There is now a probably easier way to download this kind of data using xarray
. There are examples downloading and ploting variables in the folder notebook
. There is also two new example scripts, get_gfs_xarray.py
and get_gfs_hist_xarray.py
, that download data from the real-time and historical server (see this comment for more information) using xarray. Thanks to @heyerbobby for the first version of the xarray scripts.
If you are looking to download only from the real time server, the repository https://github.com/jagoosw/getgfs contains a more polished and user-friendly version and you should probably use that instead.
These scripts were tested with Python 3.9, but they should work with any Python 3 version. First install Anaconda and then create an enviroment with
conda env create -f environment.yml
Then activate the environment
conda activate get-gfs
Scripts to fetch meteorological data from the GFS model:
get_gfs.py
gets data from the real-time server, which is located at https://nomads.ncep.noaa.gov/dods/ and holds the last 15 days of data.get_gfs_hist.py
gets data from the historical server, which is located at https://www.ncei.noaa.gov/thredds/catalog/model-gfs-004-files-old/catalog.html and holds the last 2 years of data (more information: https://www.ncdc.noaa.gov/data-access/model-data/model-datasets/global-forcast-system-gfs)

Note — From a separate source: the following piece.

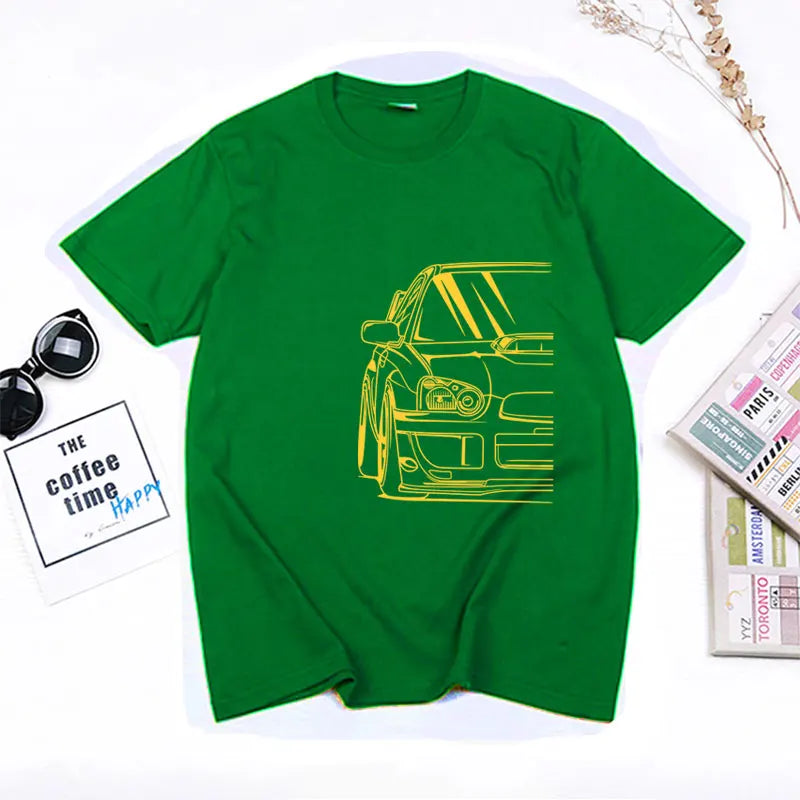 Fashion Hot Salejapanese Classic Car Wrx Sti JDM TUNER CAR APPAREL TURBO SUBIE IMPREZZA AUTOMOTIVE T-SHIRT Cotton O Neck Top Tee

Example for the real time server:
./get_gfs.py -s 1 -r 0.25 -t 0 48 -x -10 10 -y -15 15 -p 0 2 -c example_conf.json 20210217 00
The previous line will download meteorology from the GFS run on 2021-02-17 at 00z:
- Temporal resolution of 1 hour
- Spatial resolution of 0.25º
- Time steps from 0 to 48 (since temporal resolution is 1h, 48 hours from 20210217 at 00)
- Longitudes from -10 to 10
- Latitudes from -15 to 15
- Pressure levels from 0 to 2 (only for variables that have pressure level data)
- Variables in
example_conf.json
Example for the historical server:
./get_gfs_hist.py -t 0 10 -x -10 10 -y -10 10 -c example_conf_hist.json 20191005 00
Note that the historical server:
- Only has 0.5º spatial resolution (the default)
- Only has 3h temporal resolution (the default)
- It downloads the first 10 time steps, which in turn it translates to hours 00-30 (due to temporal resolution of 3 hours)
- Pressure levels and heights are specified for each variable in the configuration file
To build the JSON configuration files for the historical server you can go directly to the server and check the following URL for any day:
The possible values for the height_above_ground
and isobaric
levels can be
obtained running a query directly in the browser, for instance:
Similarly, for the real time server you can get this information by adding the suffix .dds
, .info
and .das
In the URLs you can also see some information about the meteorological variables such us units, minimum, maximum, representation of missing values and so on.
The output of the script is an Pandas dataframe written to an ASCII file, with a
multi-index in the rows (lat, lon) and a multi-index in the columns
(variables-time). It can be read back into Python using pd.read_csv()
.
Apart from the name of the variables, which is different in both servers (even though they refer to the same meteorological variable), there are also other differences between them:
- The real time server stores all the time steps in one file, while in the historical server there is one file for each time step (0, 3, 6, 9, 12,...)
- The real time server has also 0.25º spatial resolution, while the historical server only has 0.5º
- The real time server has a temporal resolution of 1hr and 3hr for 0.25º, while for 0.5º and in the historical server only an step of 3hr is available
- In the real time server the different heights of the variables are stored
in different entries. For instance
tmp2m
,tmp80m
,tmp100m
refer to the temperature at 2, 80 and 100m above ground. In the historical server these variables are a stored in an new dimension of the variable, for exampleTemperature_height_above_ground
. Thus, in the historical server the z-axis (eitherheight_above_ground
orpressure
) has to be set for each variable in the configuration file. In the real time server the pressure levels are controlled using an optional parameter, but they have to be the same for every variable which has them. Variables at different heights are different entries, as mentioned above.